Sydney to Auckland to Santiago de Chile
No one I know tries to catch an earlier flight by just lining up for it. I inadvertently did, trying to leave Santiago de Chile early, thinking time had passed quickly. It hadn’t!
And once in the air again, you get a challenging customs form for Peru. For example the green bit both allows and disallows two phones per person aged over 7. Thank heavens my large phone is really a photo phone 😇, not a phone. I thought the oddity was just spanglish. No, the woman next to me had the Spanish version and she also found it unduly complex 🤔. Not to worry as I didn’t see anyone checked for their green form entries. Lots of drug dogs in the crowds and on the luggage but you get to keep your completed customs form. 🤗
The line to passport control coming into Perú started for me at 22:40. Snaked around and around, well out beyond the many roped barriers. No visible controllers just hundreds of people, hundreds. All behaving very nicely though. Ah yes, as the locals tell you, it’s Peru! And how long did it take to get through? Ages. Forgot to check.
And then an airport hotel in Lima, an impersonal place, functional and convenient until a late morning flight to Cusco the next day.
Taxi to airbnb apartment. Always a bit nerve racking as photos never capture the liveability of an apartment you’ve seen only in a few pictures. My landlady eventually opened the small inner entrance door (not made for una australiana alta). She had sent a taxi for me but hadn’t said so I guess it had a long wait as I caught one anyhow.
The apartment generally looks like the photos but doesn’t show it’s the underneath house filled in: cold and with unusable high windows but with a saving grace. The entrance is a double door that opens to the courtyard, sunny and warm in the afternoon. And with a resident dog. He threatened to bite me when I was alone but has since decided I live here too now.
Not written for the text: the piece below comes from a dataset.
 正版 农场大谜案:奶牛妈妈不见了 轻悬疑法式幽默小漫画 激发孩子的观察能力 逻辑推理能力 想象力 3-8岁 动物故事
Another saving grace is the landlady, Erika, and her mother and brother. She took me to get SIM cards yesterday, a noble action as it’s not easy, then to a money changer with better rates and a different supermarket.
Ah yes, SIM cards here: go to a shop selling SIM cards. They sent us to the main office as they can’t serve a gringa, a foreigner. Ok. Once at the main shop, state your need, get a ticket. Wait with the many others. When called, restate your need to the counter person and hand over your passport. Take the ticket to the payment person and restate your need. Go back to last counter as something not validated. Then back to payments.
Then back to the counter person. She eventually got the sims and activated both. However, while Erika and I were at the paying counter she did nothing, awaiting our return. So you can see why there are usually many people waiting at the places selling communication plans and sims. Not just here, same in Lima last year where I eventually gave up.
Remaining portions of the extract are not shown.